On the other hand, in recent years when the polarization diversity system has been actively adopted, there is a growing demand for a dual-polarized antenna that combines a vertically polarized antenna and a horizontally polarized antenna. For this reason, realization of a horizontally polarized omnidirectional antenna having a broadband as narrow as that of a vertically polarized omnidirectional antenna is desired.

As an example of a wide-band horizontally polarized omnidirectional antenna, a batwing type turn-style antenna used in television broadcasting is well known (for example, Non-Patent Document 1). In addition, a horizontally polarized omnidirectional antenna having a narrow diameter has also been proposed (for example, Patent Documents 1 and 2).
"Antenna Engineering Handbook", page 286 The Institute of Electrical Communication, October 30, 1955 Published by Ohm Co., Ltd.

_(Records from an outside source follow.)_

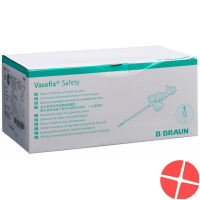 Vasofix Safety Iv-kanüle 18g 1.3x45mm Grün 50 Stück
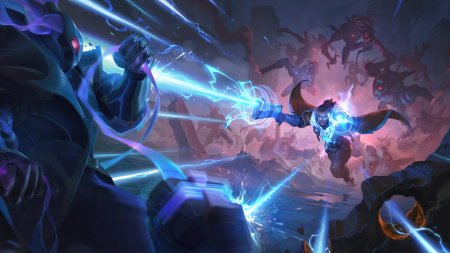 Люциан импульсный огонь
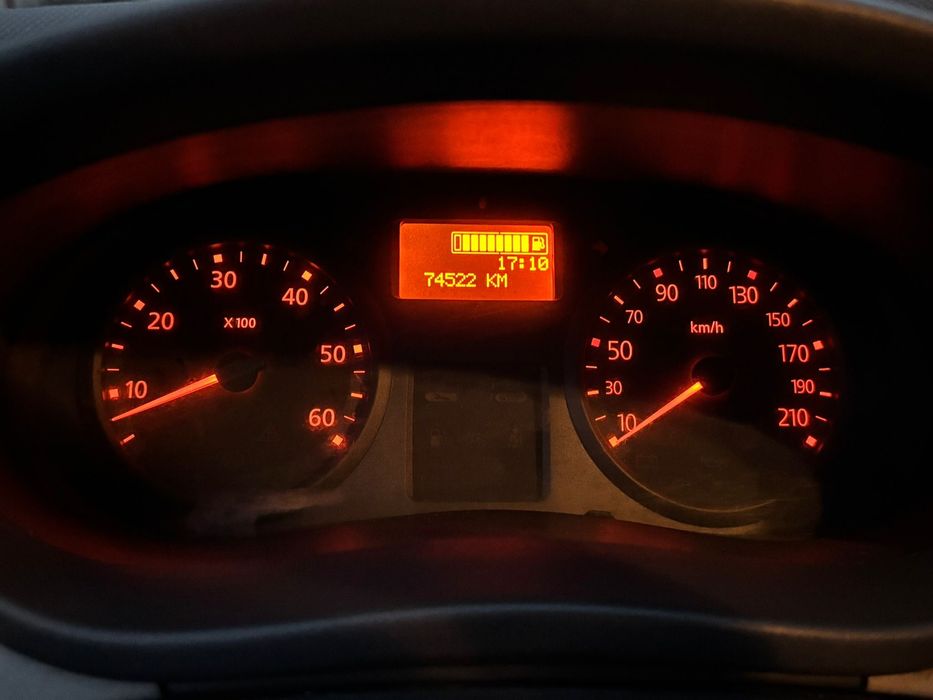 Renault trafic 2014 74000 km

Japanese Patent Laid-Open No. 11-251832 JP 2000-196352 A

Taking a cellular phone system, which is a typical example of a mobile communication system, as an example, the frequency band currently used is 810 to 960 MHz in the 800 MHz band (approximately 17% of the specific band), and 1920 to 2170 MHz in the 2 GHz band (ratio). The bandwidth is about 12%). Therefore, the horizontally polarized omnidirectional antenna used in the base station of this cellular phone system is required to have a band characteristic of about 20% of the specific band.
On the other hand, it is desirable to make the horizontal polarization omnidirectional antenna as thin as possible from the viewpoint of aesthetics and wind pressure load. For this reason, the outer diameter of the vertical polarization omnidirectional antenna, that is, 0.3λ ( λ is required to have an outer diameter dimension equal to or less than the wavelength of the center frequency of the used frequency band.

  However, in general, it is difficult for a horizontally polarized omnidirectional antenna to achieve both a wider bandwidth and a smaller outer diameter compared to a vertically polarized omnidirectional antenna. This is because if the broadband characteristic is pursued, the outer diameter becomes thicker, and if the outer diameter is kept small, the broadband characteristic tends to be sacrificed.

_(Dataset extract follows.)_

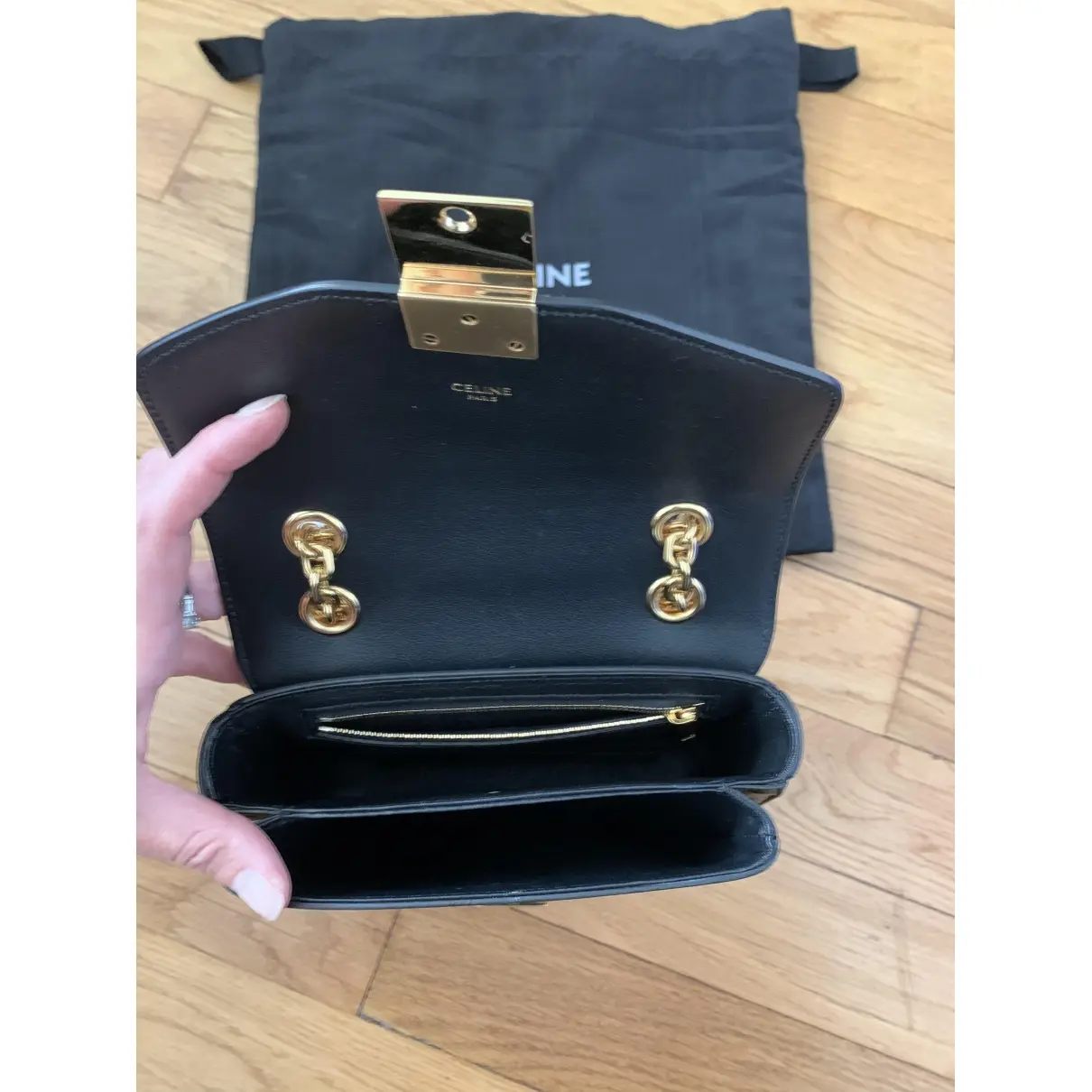 Buy Celine C bag leather mini bag online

For example, as is well known, the bat wing type turn style antenna described in the non-patent document has a broadband characteristic with a specific band of about 30%, but on the other hand, its outer diameter is as thick as 0.5λ or more. On the other hand, the horizontally polarized omnidirectional antennas described in Patent Documents 1 and 2 can have an outer diameter as thin as about 0.35λ. However, although this antenna is not specified, it is assumed that it is for PHS band (1893.5 to 1919.6 MHz) because it is an antenna for 1.9 GHz band. Therefore, there are many specific bands in which this antenna operates. Estimates are expected to remain around 10%.
As described above, the conventional horizontally polarized omnidirectional antenna, like the vertically polarized omnidirectional antenna, is difficult to achieve both wideband characteristics and a thin outer diameter.

  In view of such circumstances, an object of the present invention is to provide a horizontally polarized antenna device and a horizontal plane omnidirectional horizontally polarized antenna device capable of achieving a wide band and a narrow diameter.

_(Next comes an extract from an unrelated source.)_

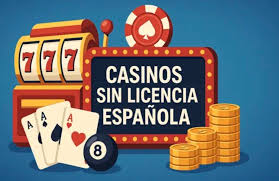 Mejores Casinos Online Sin Licencia - Entretenimiento sin Fronteras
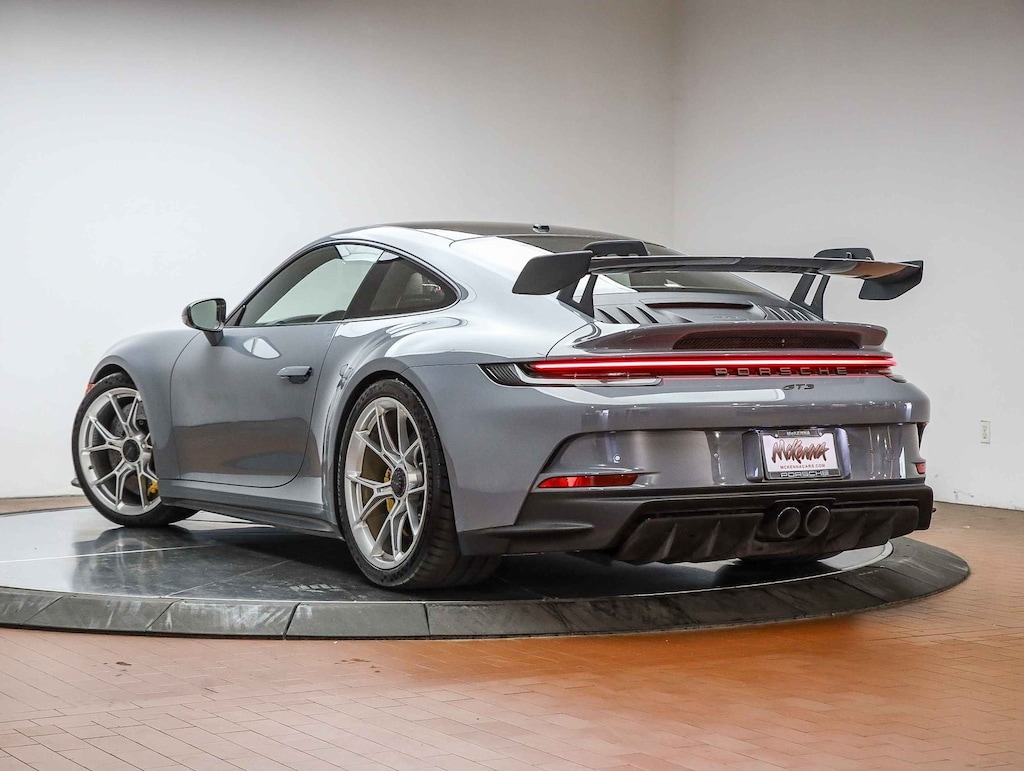 Certified 2024 Porsche 911 GT3 Coupe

  In order to achieve the above object, a first horizontally polarized antenna device according to the present invention has a configuration in which a skeleton slot antenna element and a flat-balance unbalance conversion circuit are integrally printed on a dielectric substrate.

  The second horizontally polarized antenna device according to the present invention is a first horizontally polarized wave antenna formed by integrally printing a skeleton slot antenna element and a counter-balance unbalance conversion circuit on a dielectric substrate. The antenna unit has the same configuration as the first horizontal polarization antenna unit, and is vertically combined with the first horizontal polarization antenna unit in a form in which the upper and lower central axes overlap each other. A second horizontally polarized antenna unit having a feeding phase different from that of the first horizontally polarized antenna unit by 90 °.

  Further, the third horizontally polarized antenna device according to the present invention has a plurality of horizontally polarized antenna blocks arranged in the vertical direction, and each horizontally polarized antenna block is flat with the skeleton slot antenna element. The first horizontal polarization antenna unit, which is formed by integrally printing an impulse / unbalance conversion circuit on a dielectric substrate, has the same configuration as the first horizontal polarization antenna unit, and The vertical center axes of the first horizontal polarization antenna unit and the first horizontal polarization antenna unit are combined at right angles so that the feed phase is 90 ° different from that of the first horizontal polarization antenna unit. A horizontally polarized antenna unit.

  The horizontal polarization antenna blocks of the third horizontal polarization antenna device can be made to have different mechanical rotation angles around the vertical center axis. In this case, the horizontal polarization antenna block is fed with a phase that individually compensates for the mechanical rotation angle. Such power feeding is achieved, for example, by adjusting the length of the power feeding cable connected to each of the horizontally polarized antenna blocks.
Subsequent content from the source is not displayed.